Address review comments and do further filtering and cleanup on the transcription data

2025-10-26 11:19:39 +00:00 · 2016-10-27 16:08:14 -02:00 · 2016-10-27 16:08:14 -02:00 · d8aaffce62
commit d8aaffce62
parent c7eaf9939b
1 changed files with 70 additions and 57 deletions
--- a/util/importers/fisher.py
+++ b/util/importers/fisher.py
@ -13,7 +13,7 @@ from Queue import Queue
 from threading import Thread
 from util.audio import audiofile_to_input_vector
 from util.gpu import get_available_gpus
-from util.text import texts_to_sparse_tensor
+from util.text import texts_to_sparse_tensor, validate_label

 class DataSets(object):
    def __init__(self, train, dev, test):
@ -69,25 +69,30 @@ class DataSet(object):
    
    def _populate_batch_queue(self):
        with self._graph.as_default():
-            while True:
-                n_steps = 0
-                sources = []
-                targets = []
-                for index, (txt_file, wav_file) in enumerate(self._files_circular_list):
-                    if index >= self._batch_size:
-                        break
-                    next_source = audiofile_to_input_vector(wav_file, self._numcep, self._numcontext)
-                    if n_steps < next_source.shape[0]:
-                        n_steps = next_source.shape[0]
-                    sources.append(next_source)
-                    with open(txt_file) as open_txt_file:
-                        targets.append(open_txt_file.read())
-                target = texts_to_sparse_tensor(targets)
-                for index, next_source in enumerate(sources):
-                    npad = ((0,(n_steps - next_source.shape[0])), (0,0))
-                    sources[index] = np.pad(next_source, pad_width=npad, mode="constant")
-                source = np.array(sources)
-                self._batch_queue.put((source, target))
+            n_steps = 0
+            sources = []
+            targets = []
+            batch_index = 0
+            for txt_file, wav_file in self._files_circular_list:
+                if batch_index == self._batch_size:
+                    # Put batch on queue
+                    target = texts_to_sparse_tensor(targets)
+                    for index, next_source in enumerate(sources):
+                        npad = ((0,(n_steps - next_source.shape[0])), (0,0))
+                        sources[index] = np.pad(next_source, pad_width=npad, mode='constant')
+                    source = np.array(sources)
+                    self._batch_queue.put((source, target))
+                    n_steps = 0
+                    sources = []
+                    targets = []
+                    batch_index = 0
+                next_source = audiofile_to_input_vector(wav_file, self._numcep, self._numcontext)
+                if n_steps < next_source.shape[0]:
+                    n_steps = next_source.shape[0]
+                sources.append(next_source)
+                with open(txt_file) as open_txt_file:
+                    targets.append(open_txt_file.read())
+                batch_index = batch_index + 1
    
    def next_batch(self):
        source, target = self._batch_queue.get()
@ -106,25 +111,25 @@ def read_data_sets(graph, data_dir, batch_size, numcep, numcontext, thread_count
    _maybe_convert_wav(data_dir, "LDC2005S13", "fisher-2005-wav")
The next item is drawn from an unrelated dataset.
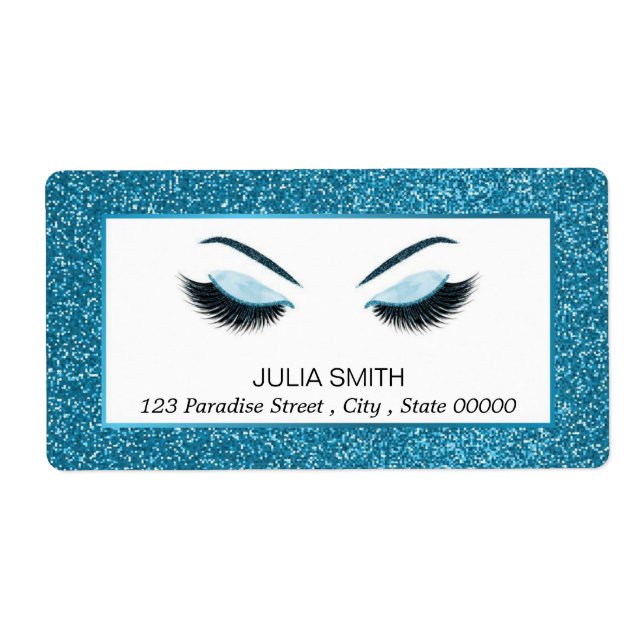 Makeup with glitter effect (Front)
    # Conditionally split Fisher wav data
-    _maybe_split_wav(data_dir, os.path.join("LDC2004T19", "fe_03_p1_tran", "data", "trans"), "fisher-2004-wav")
-    _maybe_split_wav(data_dir, os.path.join("LDC2005T19", "fe_03_p2_tran", "data", "trans"), "fisher-2005-wav")
+    _maybe_split_wav(data_dir, os.path.join("LDC2004T19", "fe_03_p1_tran", "data", "trans"), "fisher-2004-wav", "fisher-2004-split-wav")
+    _maybe_split_wav(data_dir, os.path.join("LDC2005T19", "fe_03_p2_tran", "data", "trans"), "fisher-2005-wav", "fisher-2005-split-wav")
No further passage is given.